Inevitably, this sudden closure of a long- established and well-reputed factory caused considerable consternation among the workers and it appears that they regarded this closure as a lightning lock-out. An immediate appeal to the Labour Department resulted in both sides meeting to discuss the situation, but the workers' representatives - particularly those representing the Hong Kong Rubber Shoe Workers' Union - refused to accept the statement of the management that closure was due not to any labour dispute but simply to lack of business. As a consequence of this attitude they would not accept their pay and they picketed the factory in order to prevent any of the other workers being paid off.
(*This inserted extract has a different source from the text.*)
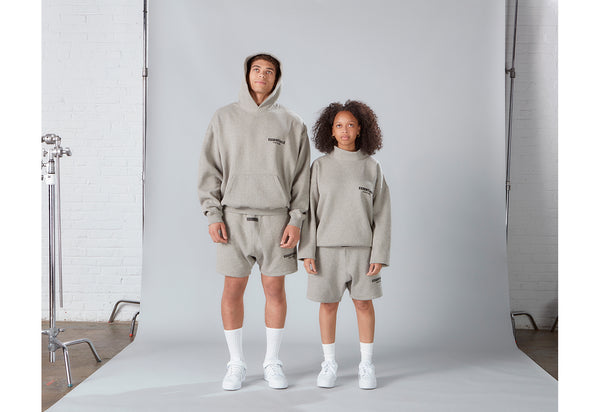 Male and female model wearing Fear of God Essentials Shorts and Hoodies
It was a clash between these pickets and some workers who insisted upon drawing the money due to them which led to police being stationed in the vicinity of the factory to keep the peace.

14.

Between August 9th and the present date, 28 meetings between workers and factory management have been arranged by the Labour Department, during the course of which various suggestions have been made for resuming work, all of which have failed because the factory manage- ment state categorically that they are not permitted, and are not in a position, to re-open the factory. During the last three weeks vigorous representations made to the local Manager by the Commissioner of Labour have resulted in securing agreement on the part of the Managing Director to the payment of one week's wages to all workers employed at the time when the factory closed, This offer will probably be accepted by the workers who are members of the Hong Kong & Kowloon Rubber & Plastic Workers' General Union, but the representatives of the Hong Kong Rubber Shoe Workers' Union have so far refused to consider it and continue to demand immediate re-opening of the factory.

15.

The fact of the matter is that the long record and high standing of this factory makes it very difficult for the workers to realise that the closure is in fact due to economic causes over which the local Factory Manager has no control. In this connection, I have received information from a most trustworthy source that the closure is due not merely to a steady decline in business but to the fact that the firm is virtually bankrupt following speculation in the rubber market in Malaya. I regret that I must request that this information, which was given to me in Executive Council, be treated as strictly confidential, though it is possible that you may be able to obtain independent confirmation from Kuala Lumpur.